Methods: With an established method for lifetime risk estimation used in other fields (e.g., kidney disease), we estimated national average probability of developing PAD, defined as an ankle-brachial index (ABI) <0.9, at each single year of age from birth to 80 years for black/white women and men based on the prevalence of PAD and relative mortality risk related to PAD from the National Health and Nutrition Examination Surveys and overall mortality rate from US National Vital Statistics. Then, Markov chain Monte Carlo simulations in a simulated cohort of 100,000 individuals were implemented to estimate lifetime risk of PAD.

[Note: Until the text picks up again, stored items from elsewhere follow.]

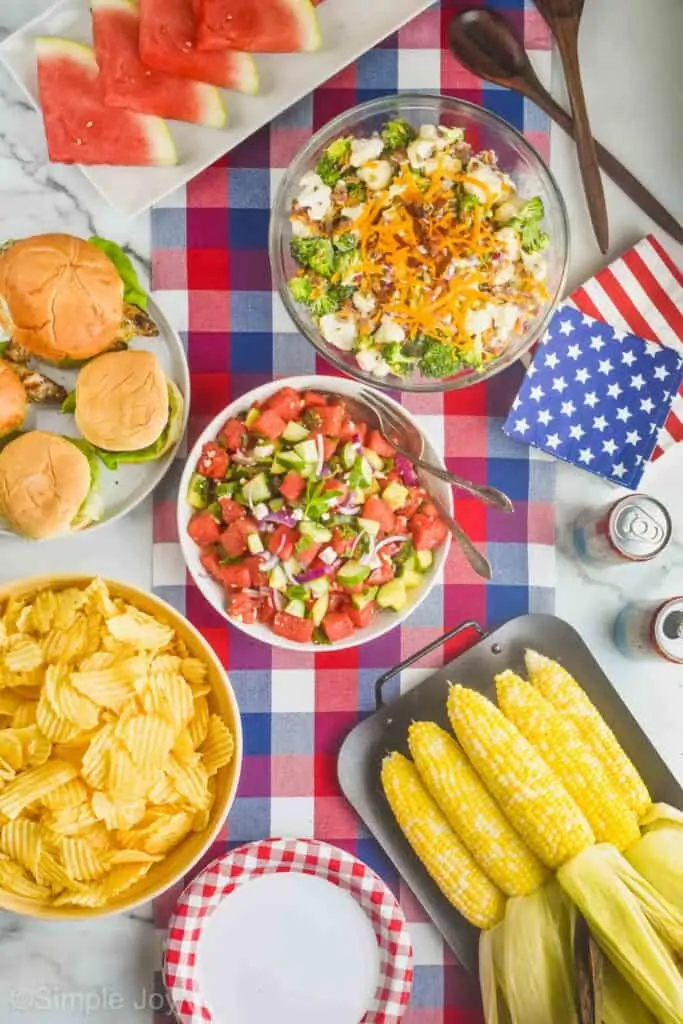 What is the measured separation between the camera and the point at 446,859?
7.32 ft

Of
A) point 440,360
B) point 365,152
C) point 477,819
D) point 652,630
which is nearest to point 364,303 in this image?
point 440,360

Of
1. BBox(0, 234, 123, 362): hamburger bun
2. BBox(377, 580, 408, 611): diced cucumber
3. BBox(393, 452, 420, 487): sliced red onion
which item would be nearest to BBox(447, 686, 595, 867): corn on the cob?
BBox(377, 580, 408, 611): diced cucumber

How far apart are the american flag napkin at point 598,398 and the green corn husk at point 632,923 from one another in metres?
0.76

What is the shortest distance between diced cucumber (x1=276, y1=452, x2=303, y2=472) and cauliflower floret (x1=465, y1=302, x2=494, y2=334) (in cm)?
39

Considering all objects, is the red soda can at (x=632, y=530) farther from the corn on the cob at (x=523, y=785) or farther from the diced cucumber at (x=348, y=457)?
the diced cucumber at (x=348, y=457)

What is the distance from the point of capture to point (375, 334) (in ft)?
6.82

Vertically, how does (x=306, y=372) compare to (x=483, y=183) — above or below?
below

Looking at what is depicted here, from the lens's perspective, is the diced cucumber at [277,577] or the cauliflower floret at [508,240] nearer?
the cauliflower floret at [508,240]

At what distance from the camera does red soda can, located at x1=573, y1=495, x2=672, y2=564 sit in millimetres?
2271

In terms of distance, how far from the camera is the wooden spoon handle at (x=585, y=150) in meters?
2.27

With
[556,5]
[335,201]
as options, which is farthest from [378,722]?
[556,5]

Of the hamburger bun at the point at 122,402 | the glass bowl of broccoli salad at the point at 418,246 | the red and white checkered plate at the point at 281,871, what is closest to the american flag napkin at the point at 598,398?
the glass bowl of broccoli salad at the point at 418,246

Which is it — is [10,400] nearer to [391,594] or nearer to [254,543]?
[254,543]

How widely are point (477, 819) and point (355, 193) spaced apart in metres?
1.19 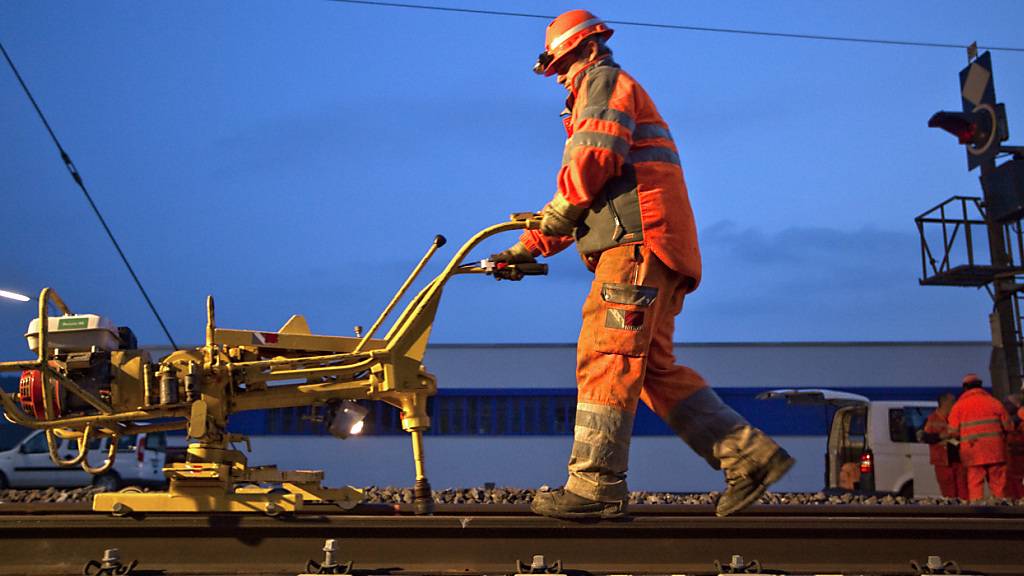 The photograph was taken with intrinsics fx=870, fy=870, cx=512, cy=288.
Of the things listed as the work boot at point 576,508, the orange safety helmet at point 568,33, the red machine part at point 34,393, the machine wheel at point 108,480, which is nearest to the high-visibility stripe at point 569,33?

Results: In an 80-year horizon, lifetime risk of PAD was similar between sexes but 1.5-fold higher in blacks compared to whites (35.6% for black women, 30.6% for black men, 22.5% for white women, and 19.4% for white men) (Figure). From another perspective, 10% of blacks and whites develop PAD by the age of 60 years and 70 years, respectively. The remaining lifetime risk at ages of 65 (for those free of PAD until this age) through 80 years was 29.6% in black women, 28.0% in black men, 17.9% in white women, and 16.5% in white men.
Conclusion: In the US, 1 in 3 blacks and 1 in 5 whites will experience lower extremity PAD during their life course. This is the first national estimate of lifetime risk for PAD and should help inform risk-centered screening and prevention strategies. Our results suggest that race is a critical factor in PAD risk, a factor not taken into account for ABI screening in the current clinical guidelines.
Author Disclosures: K. Matsushita: None. Y. Sang: None. S. Ballew: None. E.K. Chow: None. M. Grams: None. E. Selvin: None. A.T. Hirsch: None. J. Coresh: None.
This research has received full or partial funding support from the American Heart Association, National Center.
- © 2015 by American Heart Association, Inc.